Comb the records below for the string "image" and copy each line where it turns up.

*** EXTRACTED MATERIAL Section Begins ***

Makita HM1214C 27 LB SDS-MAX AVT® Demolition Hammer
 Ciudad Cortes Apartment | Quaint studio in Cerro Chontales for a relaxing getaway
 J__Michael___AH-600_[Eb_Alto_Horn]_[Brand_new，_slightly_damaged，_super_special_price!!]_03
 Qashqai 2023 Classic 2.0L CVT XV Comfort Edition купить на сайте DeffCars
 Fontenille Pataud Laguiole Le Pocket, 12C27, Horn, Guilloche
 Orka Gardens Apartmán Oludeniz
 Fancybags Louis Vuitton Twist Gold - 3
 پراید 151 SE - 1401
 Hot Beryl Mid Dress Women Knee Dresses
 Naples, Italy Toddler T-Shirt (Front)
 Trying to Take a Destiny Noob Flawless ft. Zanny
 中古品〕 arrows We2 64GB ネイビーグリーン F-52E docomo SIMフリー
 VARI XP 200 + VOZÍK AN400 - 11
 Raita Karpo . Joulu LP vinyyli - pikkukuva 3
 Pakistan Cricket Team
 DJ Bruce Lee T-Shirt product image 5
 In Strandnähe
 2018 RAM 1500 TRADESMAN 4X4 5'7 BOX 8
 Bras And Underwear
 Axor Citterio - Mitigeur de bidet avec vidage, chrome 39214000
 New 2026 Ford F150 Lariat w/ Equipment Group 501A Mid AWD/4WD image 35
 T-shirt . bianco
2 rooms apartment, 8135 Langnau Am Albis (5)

*** EXTRACTED MATERIAL Section Ends ***

* _EXERCISE OUTPUT_:
 DJ Bruce Lee T-Shirt product image 5
 New 2026 Ford F150 Lariat w/ Equipment Group 501A Mid AWD/4WD image 35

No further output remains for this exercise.